RDC : Retour discret de Joseph Kabila à Goma

Par Marc Matabaro

L’ancien président congolais Joseph Kabila, accusé par Kinshasa de soutenir les rebelles du M23, a effectué un retour remarqué en République Démocratique du Congo en passant par Kigali, capitale du Rwanda, avant de rejoindre discrètement Goma, ville contrôlée depuis deux mois par ce groupe rebelle soutenu, selon l’ONU, par Kigali. Ce retour suscite de nombreuses interrogations sur le rôle exact du Rwanda, accusé par Kinshasa et plusieurs pays occidentaux d’appuyer directement le M23.

Selon des sources concordantes proches du M23 et de l’entourage de l’ancien chef d’État, Joseph Kabila est arrivé à Goma le vendredi 18 avril par la « grande barrière », poste-frontière reliant Gisenyi, au Rwanda, à Goma.
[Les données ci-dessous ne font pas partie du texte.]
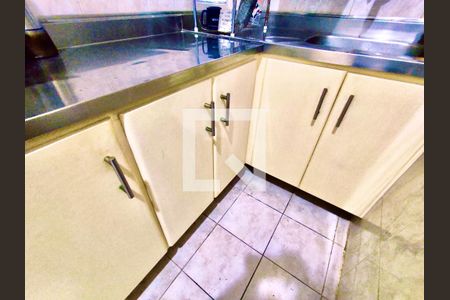 Apartamento à venda com 69m², 2 quartos e sem vagaCozinha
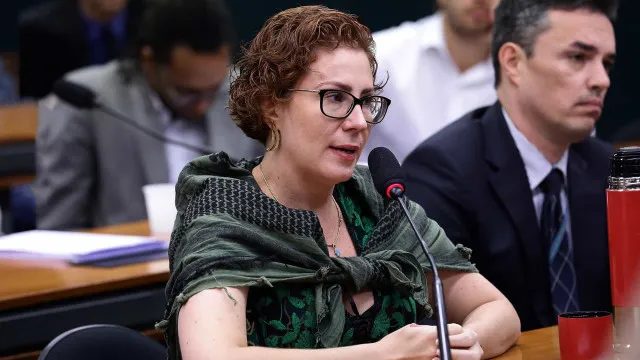 Justiça da Itália barra extradição de Carla Zambelli, novas críticas surgem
Lawrence Kanyuka, porte-parole du M23, a confirmé indirectement sa présence, soulignant que Joseph Kabila, en tant que citoyen congolais, jouit du droit constitutionnel de se déplacer librement dans le pays.
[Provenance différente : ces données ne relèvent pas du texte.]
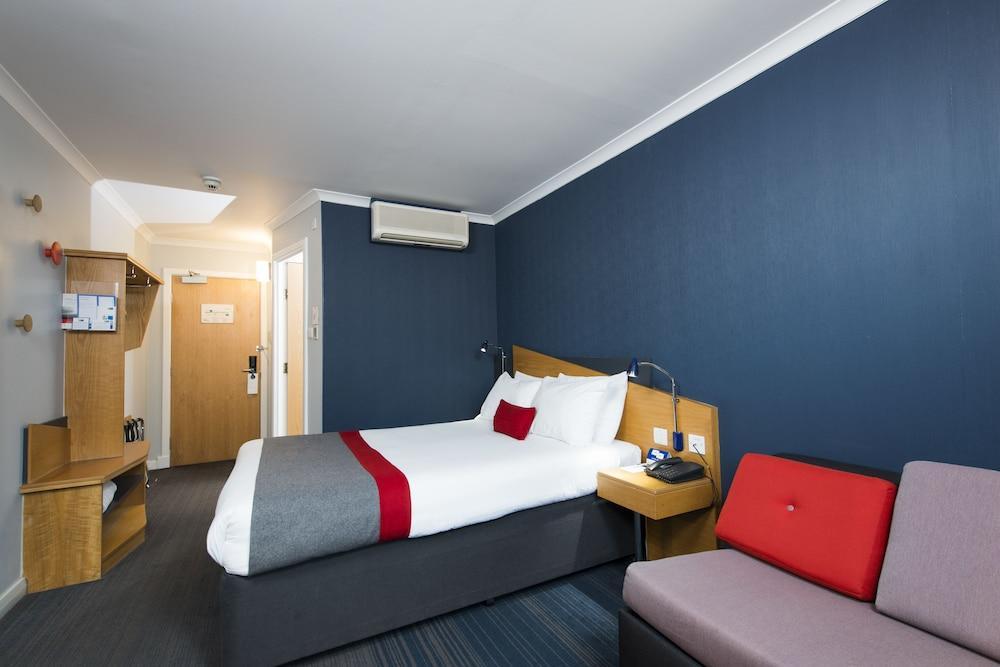 Holiday Inn Express Stirling By Ihg Экстерьер фото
La présence de Joseph Kabila dans une zone contrôlée par le M23 et considérée par Kinshasa comme une région sous occupation rwandaise alimente les spéculations. Certains observateurs estiment que ce retour pourrait servir à alléger la pression internationale exercée sur le Rwanda, accusé de violations de souveraineté congolaise, tout en justifiant indirectement les défaites militaires récentes des FARDC face au M23. Des questions émergent également quant à une possible complicité de longue date entre Kabila, ses fidèles au sein des forces de sécurité congolaises et le groupe rebelle, notamment depuis la création de l’AFC en collaboration avec Corneille Nangaa.

En effet, ayant dirigé la RDC pendant 18 ans, Joseph Kabila a longtemps été le chef suprême des services de sécurité qui se montrent aujourd’hui incapables de contenir les avancées du M23. Son retour amène donc à se demander depuis quand exactement son implication avec ce groupe rebelle remonte, et dans quelle mesure son influence interne pourrait avoir facilité les récentes victoires du mouvement.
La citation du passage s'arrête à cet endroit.